Palestre chiuse a gennaio, ma il ministro Spadafora incontrerà il Comitato Tecnico Scientifico per stabilire deroghe per lezioni individuali. Al vaglio l’ipotesi sulla riapertura dei musei nelle regioni gialle. Per quanto riguarda invece gli impianti da sci, il Governo pensa a un nuovo slittamento dopo il 18 gennaio, almeno nelle regioni che non hanno riaperto scuole.

Il Governo, inoltre, vorrebbe prorogare lo stato di emergenza, solo fino al 30 aprile per poi valutare una nuova estensione all’esito della campagna vaccini.

Nuovo Dpcm, incontro Governo enti locali. Marsilio: “No a fascia arancione nel weekend per tutti”.

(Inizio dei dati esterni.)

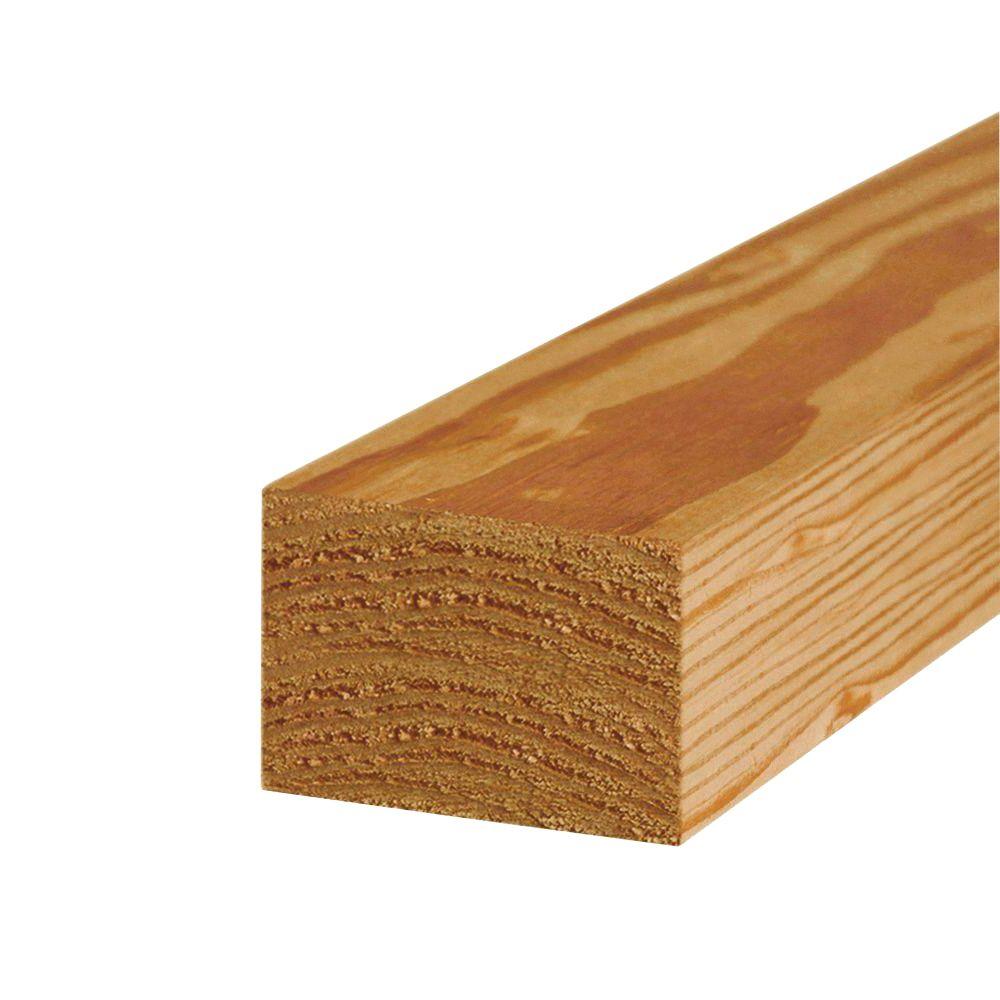 6 in. x 6 in. x 16 ft. #2 Pressure-Treated Timber-261023 - The Home Depot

Intanto ieri il governo ha incontrato Regioni, Province e Comuni. “Le modifiche che il Governo propone per restringere i criteri e rendere più ‘facile’ l’accesso alla zona arancione o rossa, – ha commentato a margine il presidente della Regione Abruzzo, Marco Marsilio – prevedendo l’arrivo di una terza ondata già molto presente in gran parte dell’Europa, hanno un senso se si basano su criteri oggettivi e misurabili, e come tali comprensibili e intellegibili anche ai cittadini comuni. Tra questi criteri, non c’è dubbio che il tasso di occupazione dei posti letto sia quello meno manipolabile e di più chiara comprensione. Soprattutto, le restrizioni sono sostenibili e possono essere accettate da famiglie e imprese già duramente provate, se i ristori e gli indennizzi saranno parallelamente congrui, veloci, adeguati. Ci sono categorie ormai al limite della capacità di resistere. Senza nuovi e più consistenti iniezioni di contante non potranno reggere ulteriormente l’urto. Una nuova ‘stretta’ sul settore della somministrazione e ristorazione non può ad esempio essere sostenuta senza nuovi interventi, anche sul resto della filiera (fornitori, distributori…) e non solo sugli esercenti. Analogo discorso vale per il settore del turismo, in questo periodo in particolare per quello legato alla neve. La proposta del Governo di rinviare l’apertura a dopo il 18 gennaio significa per molte stazioni (e per il loro indotto) la definitiva rinuncia all’intera stagione. Nelle misure da confermare o rivedere con il prossimo DPCM, ho chiesto di non prorogare la misura di applicare la fascia arancione nei fine settimana per tutti, lasciando a ogni regione le misure relative alla rispettiva fascia di appartenenza”.